Considerando anche quanto riportato nel testo della circolare del Ministero del lavoro e delle politiche sociali n.29/2012, i contratti a progetto non possono essere stipulati per compiti meramente esecutivi o ripetitivi che devono però essere individuati dai contratti collettivi stipulati dalle organizzazioni sindacali comparativamente più rappresentative sul piano nazionale.
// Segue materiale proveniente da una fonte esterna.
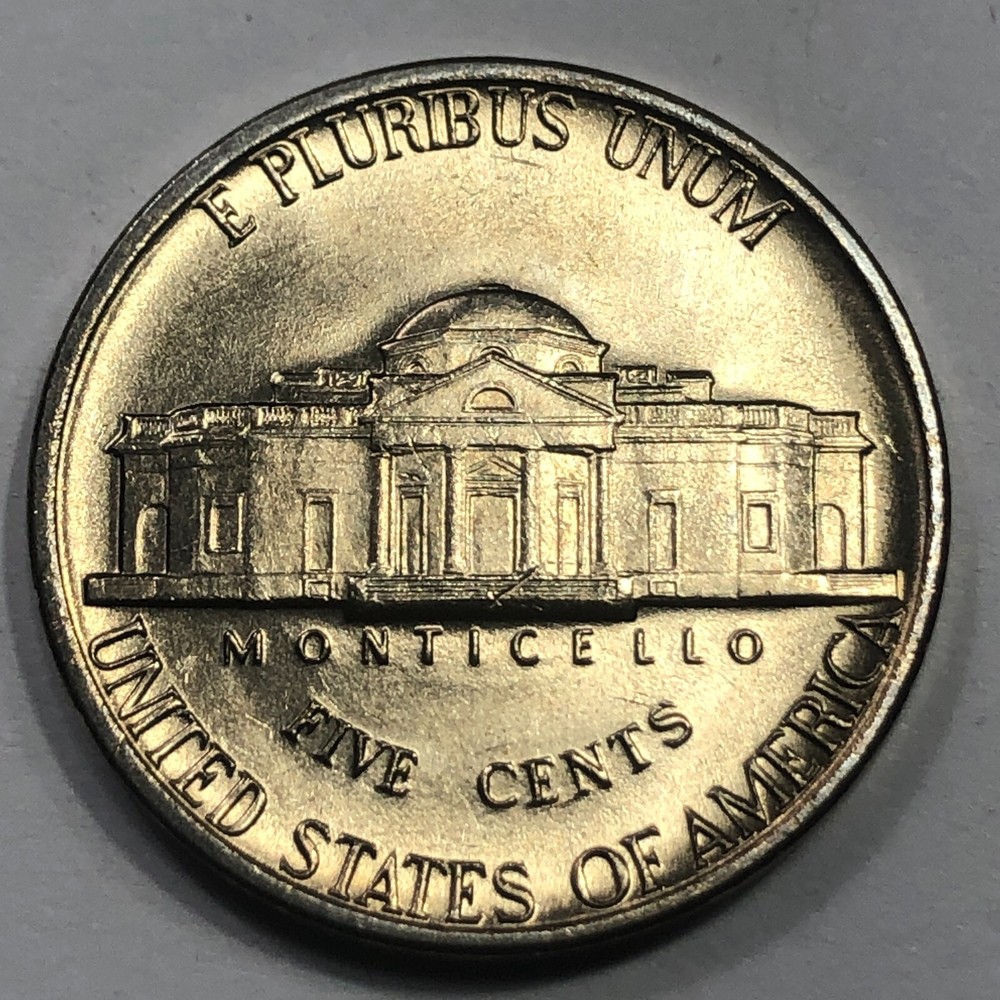 1977 P - Jefferson 5 cent - Uncirculated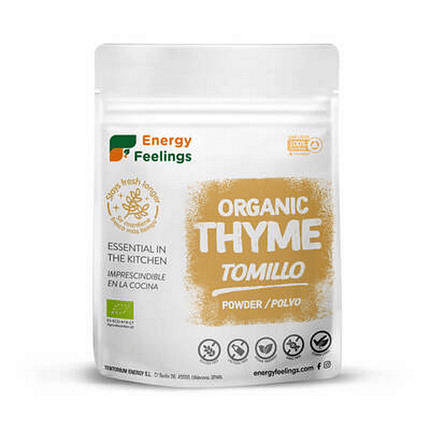 Tomilho em Pó, biológico, sem glúten, vegan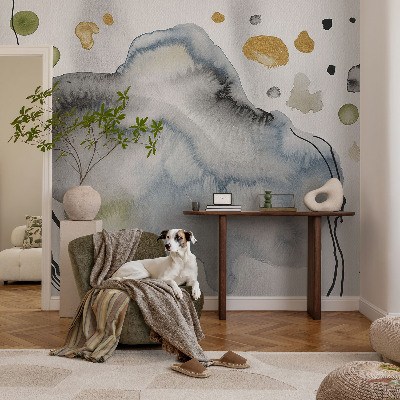Large wallpaper mural Abstract watercolor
Se invece si considera quanto riportato nell’ultima frase del paragrafo della circolare n.7/2013 del Ministero del lavoro e delle politiche sociali dal titolo “Il lavoro a progetto nelle ONG/ONLUS e nelle organizzazioni socio assistenziali” dove si afferma che la collaborazione a progetto può essere svolta in una struttura socio assistenziale quando “il collaboratore determini unilateralmente e, discrezionalmente, senza necessità di preventiva autorizzazione e successiva giustificazione, la quantità di prestazione socio/assistenziale da eseguire e la collocazione temporale della stessa”, si intuisce che il riferimnento a un libero professionista, per cui non vedo la convenienza ad instaurare un rapporto di co.co.pro.
Se non è così mi chiedo: come può una persona che lavora all’interno di una struttura socio assistenziale definire autonomamente “con il destinatario finale della prestazione, gli aspetti operativi riguardanti la tipologia di intervento, gli orari di assistenza e le concrete modalità di erogazione del servizio” la tipologia di intervento senza interfacciarsi con la struttura?
Pertanto sarebbe stato più opportuno, per non far incorrere in errore le strutture socio assistenziali, spiegare con qualche esempio per quali figure è consigliabile applicare il co.co.pro., altrimenti quella norma sarà di fatto inutilizzabile.